Much of the coverage of the Wiz deal centers on its price tag, and for good reason. At $32 billion dollars, the Wiz acquisition stands to be the most expensive in Google’s history. This isn’t just notable because it is occurring in the face of multiple antitrust showdowns. But more unusual is that this figure is 30 times larger than Wiz’s expected revenue for 2025. While the math may seem peculiar at first, there’s likely more than meets the eye here.
Few have better insight into Google’s anti-competitive behavior than Jonathan Kanter, who took the company to court twice when he led the DOJ Antitrust Division under former President Joe Biden. In a recent CNBC interview, Kanter posited that the deal could be a “Trojan horse for Google to get access to data that is increasingly becoming out of its reach.”

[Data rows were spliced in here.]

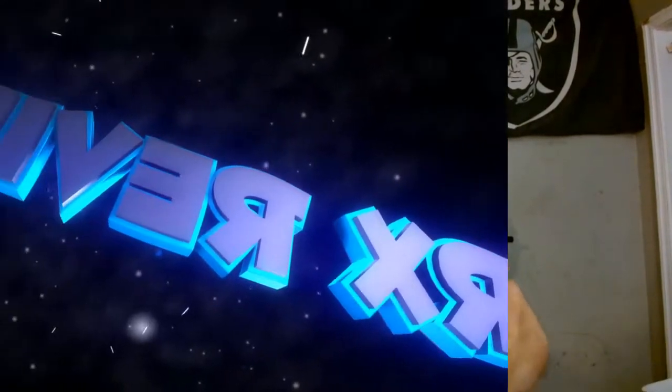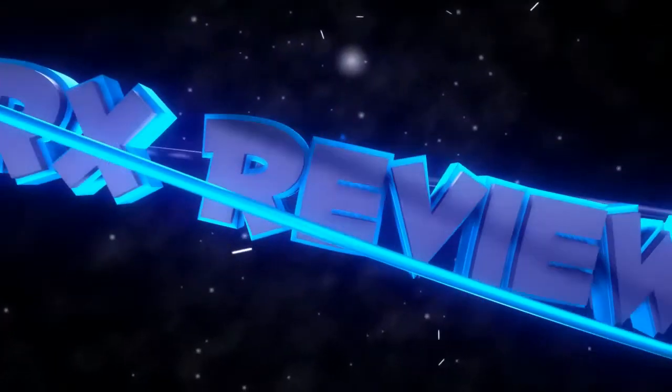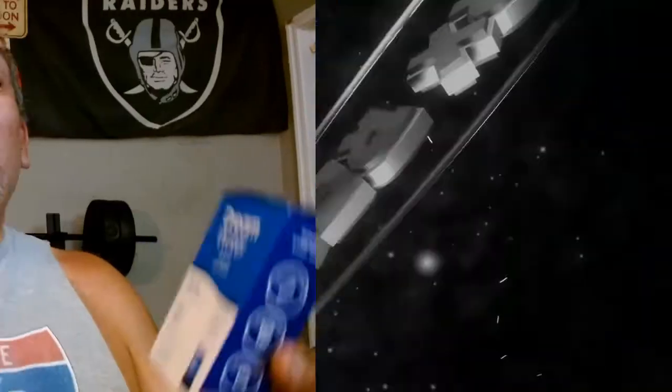Today in this corner we have Dream Water the shot, and in this corner we've got Dream Water the powder — which is the best? Coming right up. Welcome back to JRX Reviews. I've been testing out the Dream Water products lately, and the powder version popped up in my feed, so I figured let's give that a shot.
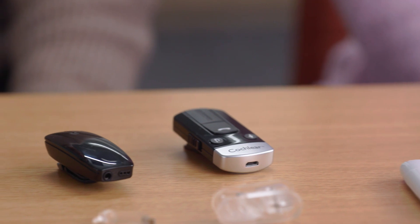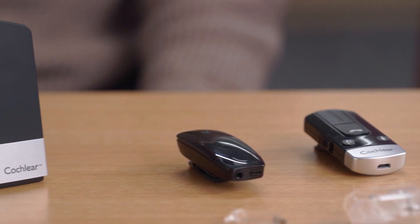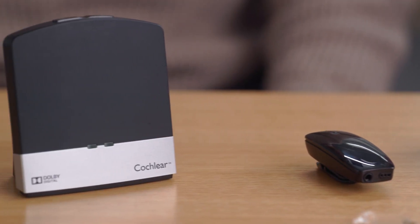Hi everyone, I'm Bethany, an audiologist and Cochlear employee. And I'm Greg, a Bilateral Cochlear Implant recipient and I also work at Cochlear. Today we'd like to share with you what's included in the Cochlear Nucleus 8 Sound Processor Kit. Whether you're a new recipient, have recently upgraded, or are just curious to learn more, this video is perfect for you.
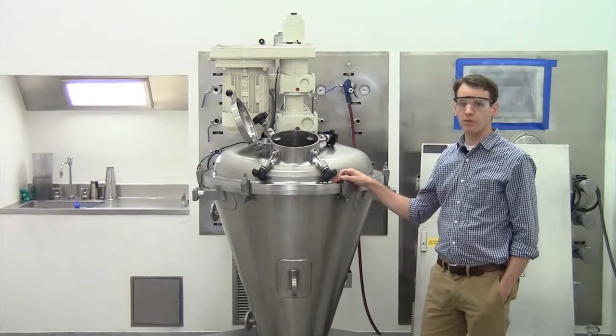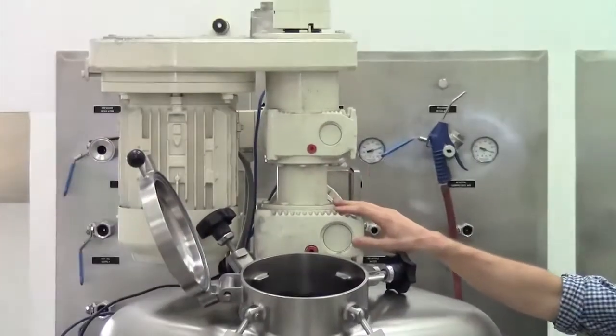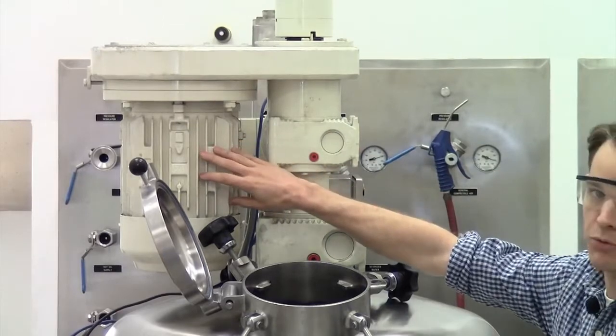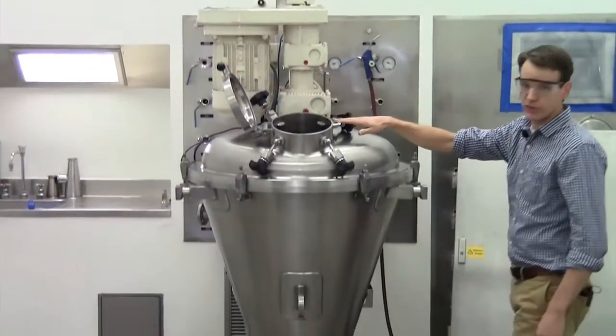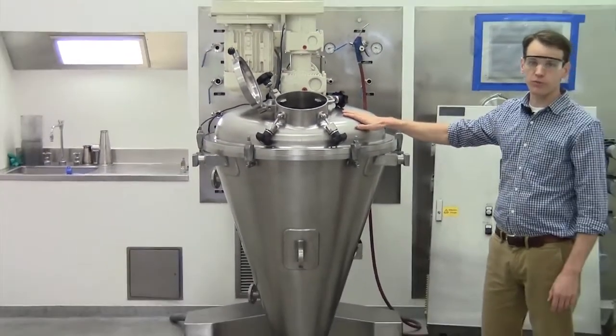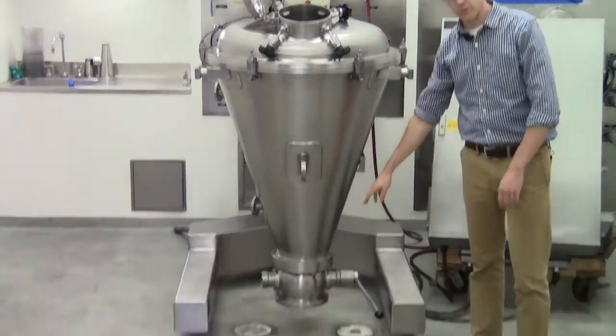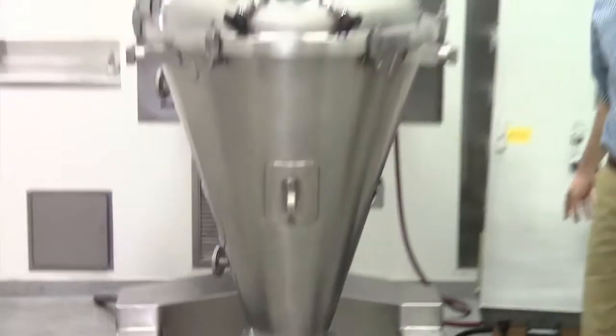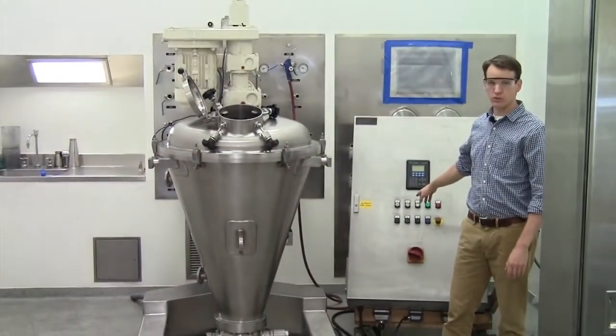Looking at this unit from the top down, you've got the drive up top with the motors for the auger, the orbital arm, and the intensifier, which is an optional piece of equipment. Moving down you've got the mixer vessel, which you would fill with the powder, and at the bottom you've got your discharge valve, which is an isom ball segment valve. Behind me you have the control panel which we'll be using to control the unit.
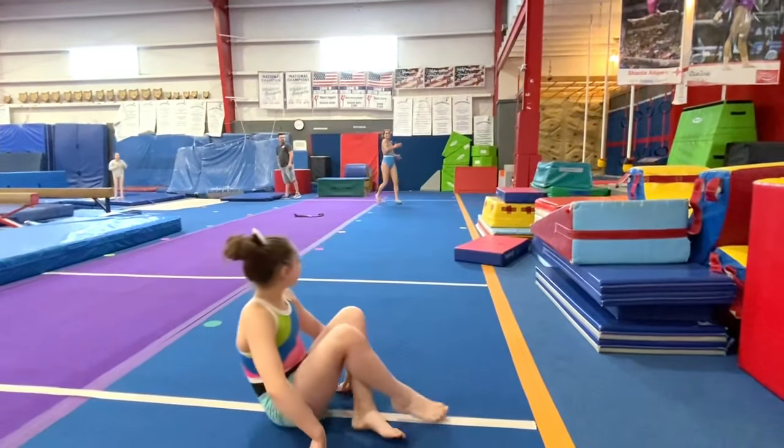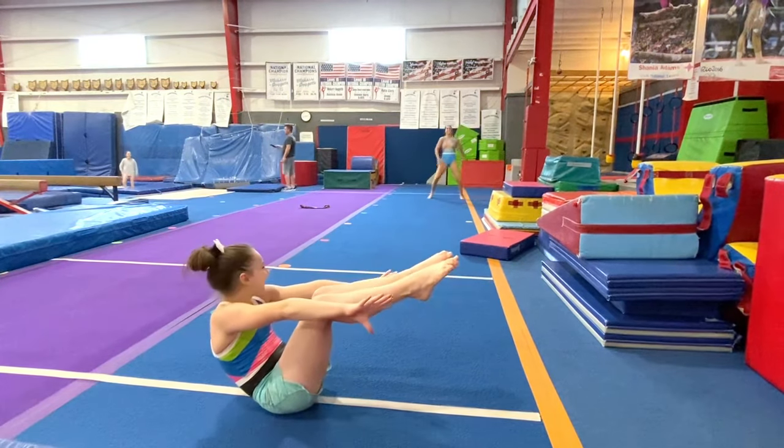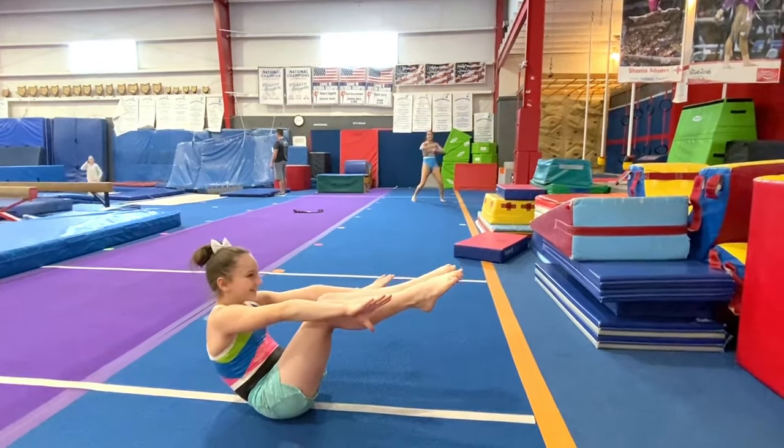Tuck. Here is an open shape you will use in more advanced skills. As a beginner doing tuck jumps, you will want to get your knees all the way up to your chest.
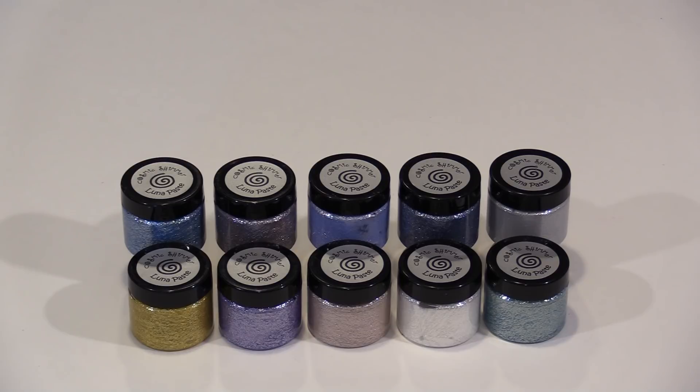With larger particles of silvery mica mixed in, Cosmic Shimmer's Luna Paste is not your typical sparkly product. You can do the typical things with it, but overall the look and feel is a bit different. In today's video, I'll show you some simple ways to incorporate Luna Paste into your creative projects.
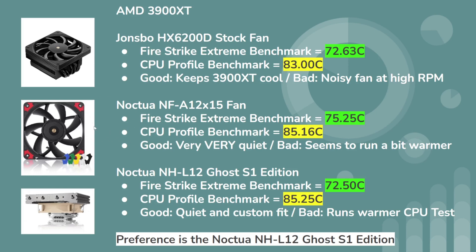The fan on the Jones Bow was dead quiet — that's probably one of the biggest perks for that setup. Interestingly, the Noctua NHL-12 Ghost S1 Edition had a Firestrike Extreme Benchmark of 72.5°C, which is lower than the Jones Bow. But the CPU Profile Benchmark was actually warmer than the Jones Bow by about two degrees, and it doesn't seem like a fluke. There may be something with the tuning of the Noctua fans — they may run at a slightly lower RPM, which is why they're so quiet. If you tuned them to run faster, you could probably match or even beat the Jones Bow.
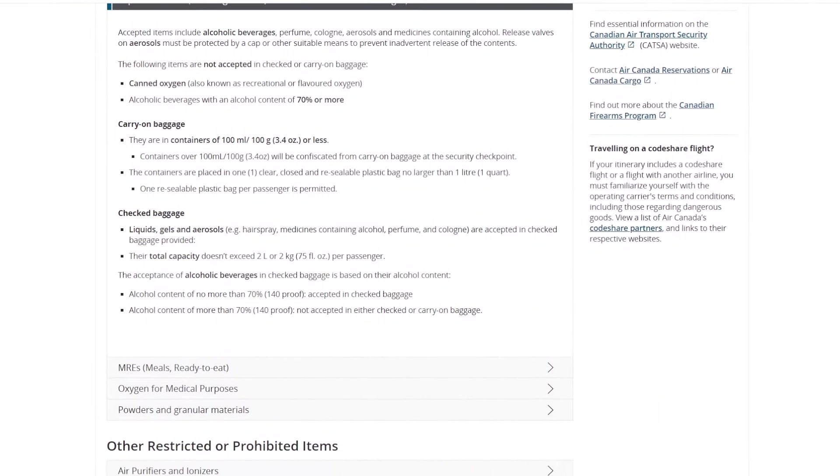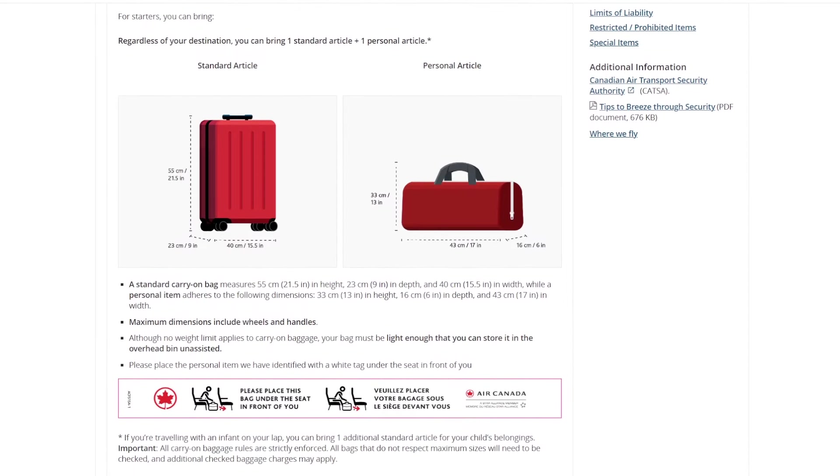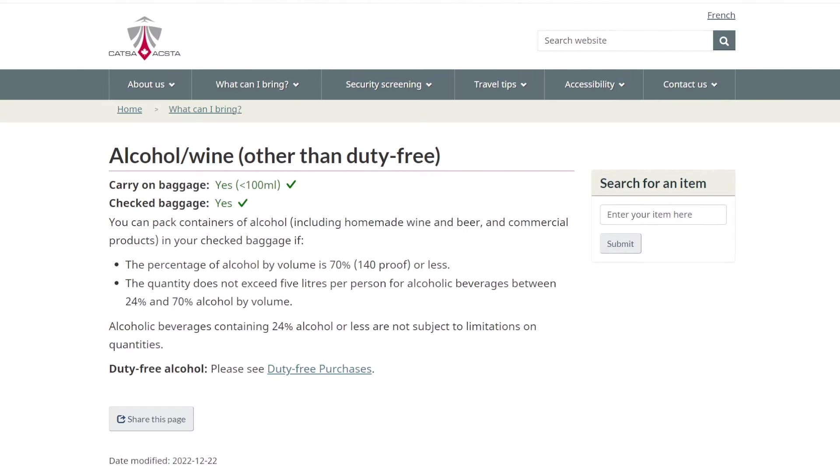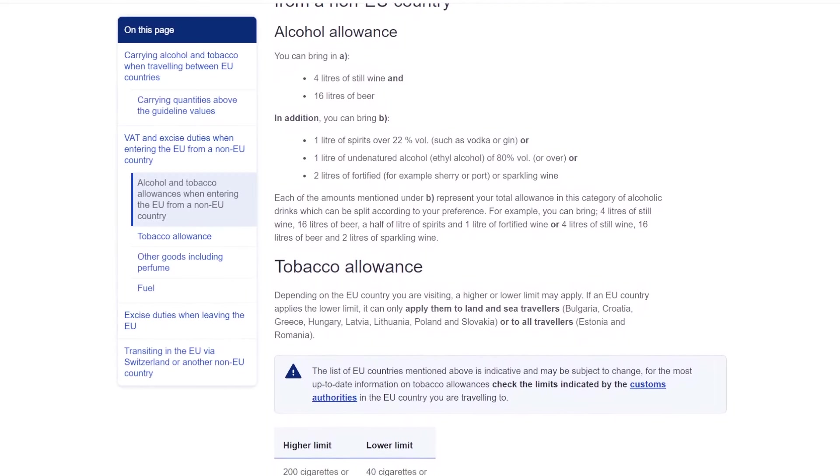If you are worried about being hassled at check-in, keep a copy of the airport and airline's rules and guidelines with you. Check international travel rules as some countries may restrict the amounts of alcohol you can bring or impose special fees.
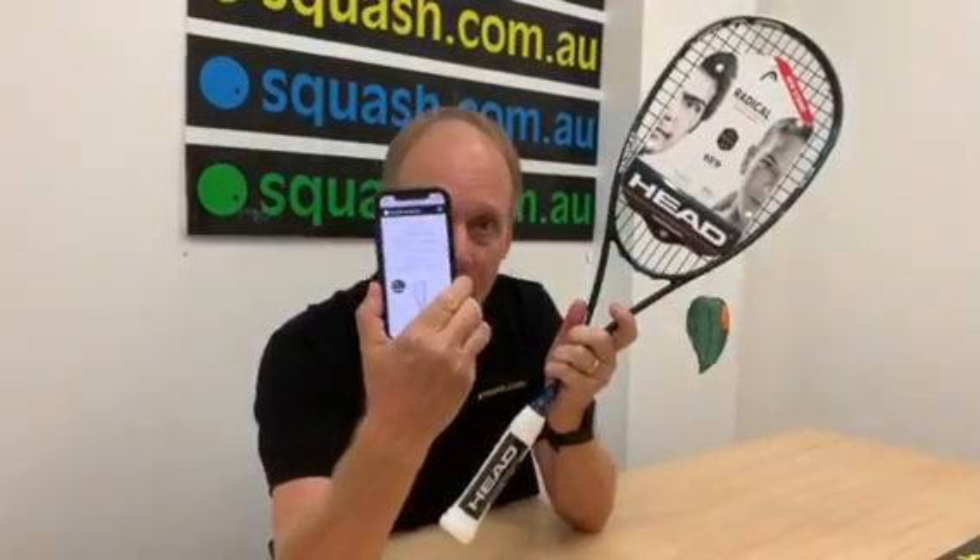This was $239, now $189. If you haven't looked it up on the app, go in there and do it — it's a bargain.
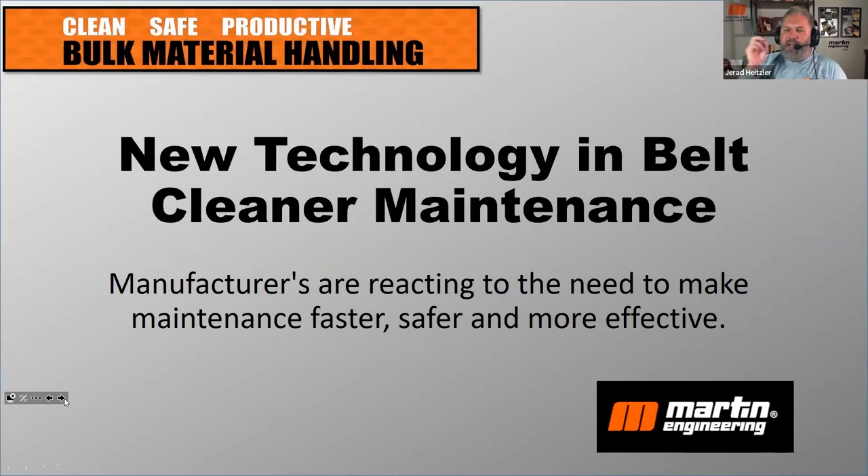Let's talk about new technology and belt cleaner maintenance. Every company says they're innovative and want to create new products, but what really drives innovation for manufacturers are needs from their market. One of those needs is that maintenance is very difficult — it's hard to find the time and skill set to do it properly, especially in recent years where finding skilled workers has been so challenging. Manufacturers are taking that problem and trying to solve it innovatively.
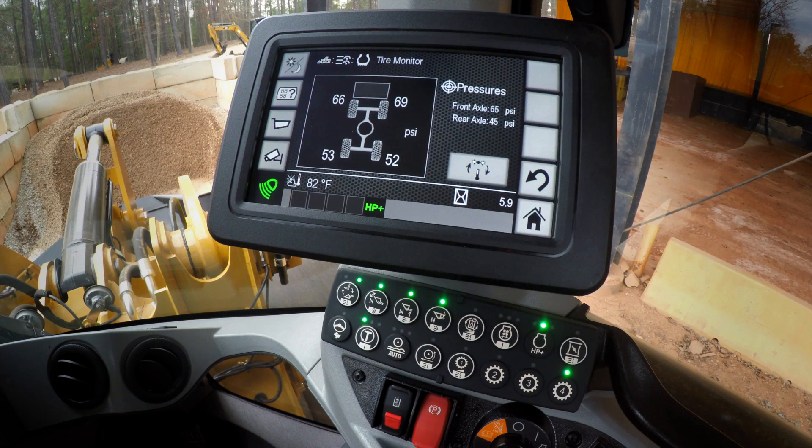The nice thing about that feature is that, as you can see, it will tell you the operator what your tire pressures are on all four tires of the machine.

In 2006, federal regulators fumbled the ball by allowing the acquisition of YouTube to go through unscathed. The next year, the Federal Trade Commission made the mistake of allowing Google’s acquisition of DoubleClick, a deal that would help build and cement the company’s digital advertising dominance. But two decades later, antitrust enforcers are now making major strides toward reining in Google’s anti-competitive behavior. As federal officials work to correct the mistakes of the past, they should continue taking a multifaceted approach to Google’s monopoly.